To paraphrase Rick James, German logic is a hell of a drug. Rather than slap on emotionally evocative names the way other countries’ product planners would, the big-name luxury car brands from Deutschland have long shoved their models into clean, clinical alphanumeric categories based on their general size and market position. For Audi and BMW, it’s as simple as size-by-number, like in fashion; X5 and 5-Series offer similar amounts of space, as do Q5 and A5 Sportback.
Mercedes, however, uses a slightly different tactic; the last letter in each word indicates the size, and the further down the alphabet it lies, the large (and better)r the car is: the C-Class is bigger and nicer than the A-Class, the E-Class more so than the C, etc. SUVs are differentiated by appending the prefix GL to said letter; the E-Class-sized sport0ute is thus the GLE-Class, the A-Class-equivalent is the GLA-Class, and so on. Coupes — two- and four-door alike — stick CL ahead of their size letter, so the CLA-Class becomes the swoopier A-Class. (Except where Mercedes wants to capitalize on the cache of more notable models, like turning the swoopy four-door E-Class variant into the CLS-Class and AMG GT 4-Door. Or just straight-up calling the two doors versions of the C-, E- and S-Classes those names with Coupe attached. Life is complicated.)

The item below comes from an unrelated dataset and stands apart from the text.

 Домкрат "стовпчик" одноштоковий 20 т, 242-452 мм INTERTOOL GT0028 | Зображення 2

But for Mercedes-Benz’s EQ line of electric vehicles, the old way didn’t work. EQS, the model with which the line launched in the U.S., was pretty obvious: it’s an EQ version of the S-Class, just as the GLS is the SUV version. But when the plan came to offer an SUV version of said car, GLEQS or EQGLS was clearly too crummy a Scrabble hand for even German product planners to go along with, so they took the path of least resistance and simply stuck the segment name on there to create EQS SUV — and thus created a new precedent.

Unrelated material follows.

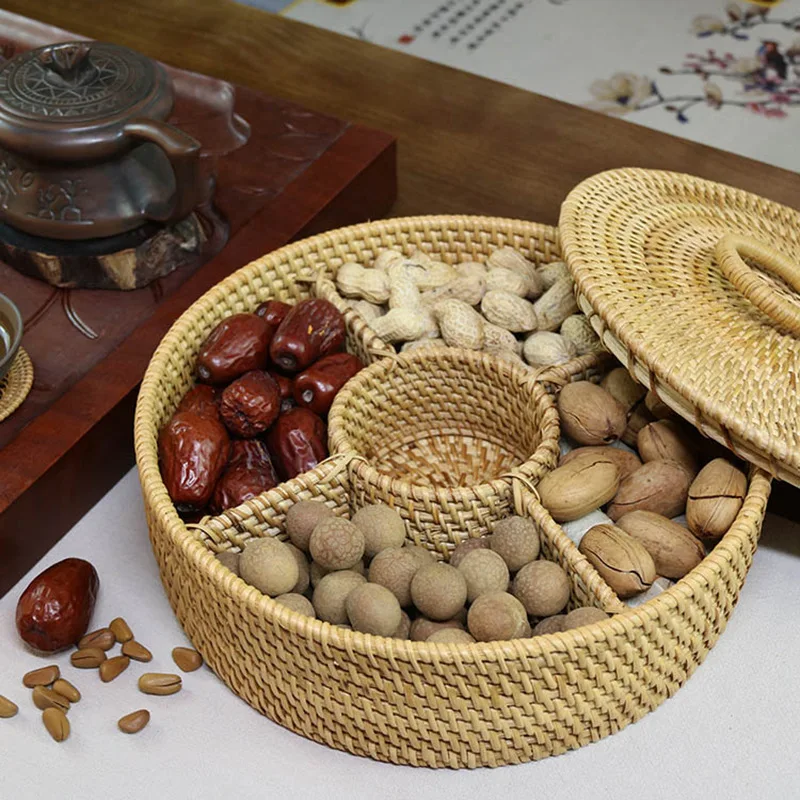 

Hand Woven Rattan Candy Basket Rich Style Eco-friendly Healthy Storage Dry Food Snack Hollow Out Gift Box Christmas Wedding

So as a result, the latest Mercedes-Benz electric car — the one that will be the breakthrough success for the brand’s EV efforts in the US if one is to arrive, the car likely to be — comes with the awkward name of EQE SUV. Look at it in a mirror, and it’s the VU2 303, which to the layperson probably sounds equally valid as the name of a new electric car packed with more computers than every NASA mission from Mercury to Skylab combined. But you know what the Bard said about roses by any other name…
2023 Mercedes-Benz EQE SUV: What We Think
The EQE SUV represents the most mainstream effort yet from Mercedes-Benz’s EQ subdivision, and the resulting product is exactly the sort of vehicle that electric mobility needs to produce en masse in order to win over buyers — relatable, yet also innovative.

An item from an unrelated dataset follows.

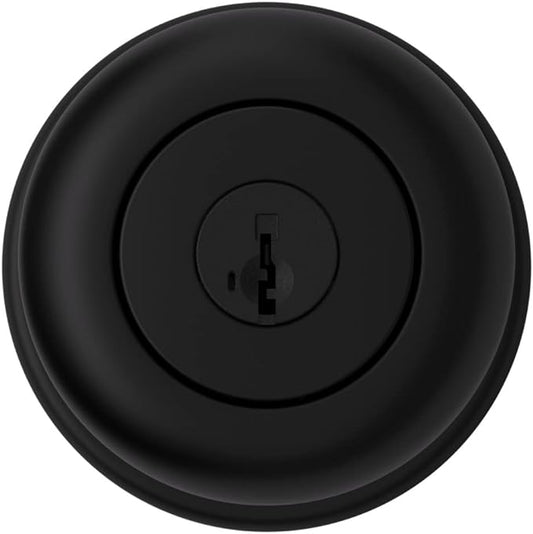 Kwikset Cove Entry Door Knob with Lock and Key, Secure Keyed Handle Exterior Doorknob, Front Entrance and Bedroom, Matte Black, Pick Resistant SmartKey Rekey Security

Small upgrades over the EQE sedan offer noticeable, qualitative improvements in ways that matter a lot to EV drivers — in particular, range and efficiency, but also rear seat usability. It may not be as eye-catching as much of the EV competition, but it accomplishes its mission of delivering an electric midsize luxury crossover that’ll fit in nicely at the Starbucks or school. (If it’s any indication of its appeal, I overheard at least one journalist on the trip say they wanted to buy one personally.)